Reverse the last name and first name:

real_name <- sub("(\\w+),\\s+(\\w+)","\\2 \\1", no_title_names )
real_name
## [1] "Moe Szyslak"      "Montgomery Burns" "Timothy Lovejoy" 
## [4] "Ned Flanders"     "Homer Simpson"    "Julius Hibbert"
  1. Construct a logical vector indicating whether a character has a title (i.e., Rev. and Dr.).
title <- str_detect(raw_names, "[[:alpha:]]{2,}\\.")
title
## [1] FALSE FALSE  TRUE FALSE FALSE  TRUE
raw_names[title == TRUE]
## [1] "Rev. Timothy Lovejoy" "Dr. Julius Hibbert"
  1. Construct a logical vector indicating whether a character has a second name.
second_name <- str_detect(raw_names, "[A-Z]\\.{1}")
second_name
## [1] FALSE  TRUE FALSE FALSE FALSE FALSE
raw_names[second_name == TRUE]
## [1] "Burns, C. Montgomery"
  1. Describe the types of strings that conform to the following regular expressions and construst an example that is matched by the regular expression.
  1. [0-9]+\$: Matches string patterns comprising 0-9 digits one or more times followed by $ sign only.
x <- c("1$", "153$", "$123", "abc1$", "12345", "abc9$2", "we are having$45$ fun$35$")
a <- unlist(str_extract_all(x,"[0-9]+\\$"))
a
## [1] "1$"   "153$" "1$"   "9$"   "45$"  "35$"
  1. \b[a-z]{1,4}\b: Matchs words having between one and four lower-case characters only.
t <- "Iam studying at99 cuny. I work for10 CTS. i like playing wit$ my son.
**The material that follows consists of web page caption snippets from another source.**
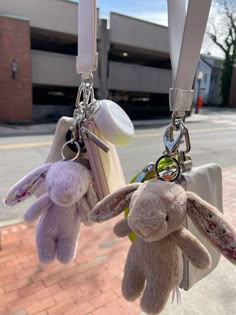 two stuffed animals hanging from the handles of some keychains on a street corner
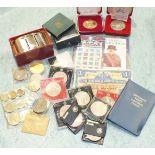 A Royal Mint 1997 United Kingdom Deluxe Proof Set in red leather case, a 1994 United Kingdom BU Coin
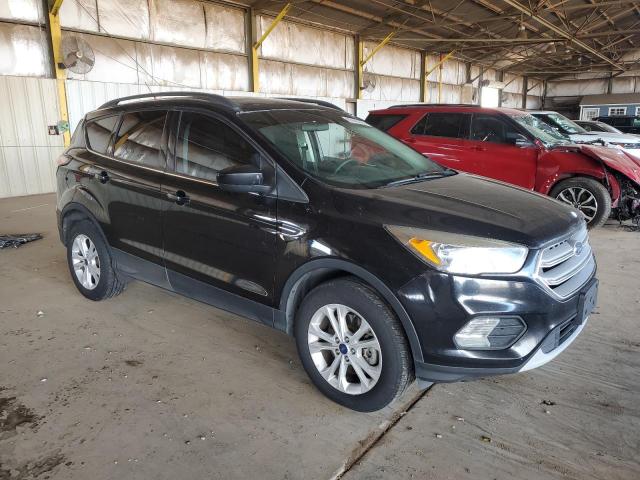 Photo 4 from auction – 2018 FORD ESCAPE SE with VIN 1FMCU9GD0JUA65824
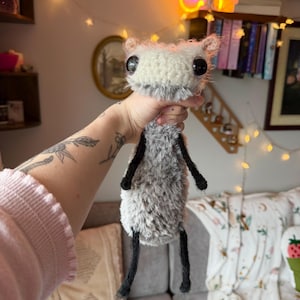 May include: A handmade plush creature with a fluffy white and grey body, large black eyes, and black limbs. The whimsical design features a soft, textured appearance, ideal for a unique gift or home decor item.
My son's name is Arnav ."
b <- unlist(str_extract_all(t, "\\b[a-z]{1,4}\\b"))
b
##  [1] "cuny" "work" "i"    "like" "wit"  "my"   "son"  "son"  "s"    "name"
## [11] "is"

Note: Its treating apostrophe as separator.

  1. “.*?\.txt$“: Matches any string that ends in”.txt“.
y <- c("Iam writing my output to a .txt file", ".txt", "i have a txt file", ".txtfile", "All .txt's are in a folder", "no file", "100.txt", "5txt files", "I have kept my records in a file that is .txt")
c <- unlist(str_extract_all(y, ".*?\\.txt$"))
c
## [1] ".txt"                                         
## [2] "100.txt"                                      
## [3] "I have kept my records in a file that is .txt"

d.\d{2}/\d{2}/\d{4}: Matches strings with 2 digits, then “/”, then 2 more digits, then one more “/”, and then 4 digits

p <- c("03/12/2008", "4/09/1979","04/20/59","03/09/2008", "1a/2b/2001", "12202008", "aa/bb/cccc", "02/16/2018", "aaa12/12/2008", "bbbb/03/12/2020cccc")
d <- unlist(str_extract_all(p,"\\d{2}/\\d{2}/\\d{4}"))
d
## [1] "03/12/2008" "03/09/2008" "02/16/2018" "12/12/2008" "03/12/2020"
  1. “<(.+?)>.+?</\1>: Matches the start tag and text following that and then end tag. means reference to the first segment again. This can be used for html.
z <-c("<d> The superbowl was very exciting.</d>.", "<b> I watched <it on </tv/>", "The score was <41> eagles and <32> patriots")
e <- unlist(str_extract_all(z, "<(.+?)>.+?</\\1>"))
e
## [1] "<d> The superbowl was very exciting.</d>"
  1. The following code hides a secret message. Crack it with R and regular expressions. Hint Some of the characters are more revealing than others!
secret_message <- "clcopCow1zmstc0d87wnkig7OvdicpNuggvhryn92Gjuwczi8hqrfpRxs5Aj5dwpn0TanwoUwisdij7Lj8kpf03AT5Idr3coc0bt7yczjatOaootj55t3Nj3ne6c4Sfek.r1w1YwwojigOd6vrfUrbz2.2bkAnbhzgv4R9i05zEcrop.wAgnb.SqoU65fPa1otfb7wEm24k6t3sR9zqe5fy89n6Nd5t9kc4fE905gmc4Rgxo5nhDk!gr"
f <- unlist(str_extract_all(secret_message,"[A-Z]"))
f
##  [1] "C" "O" "N" "G" "R" "A" "T" "U" "L" "A" "T" "I" "O" "N" "S" "Y" "O"
## [18] "U" "A" "R" "E" "A" "S" "U" "P" "E" "R" "N" "E" "R" "D"

The secret message is “CONGRATULATIONS YOU ARE A SUPER NERD.”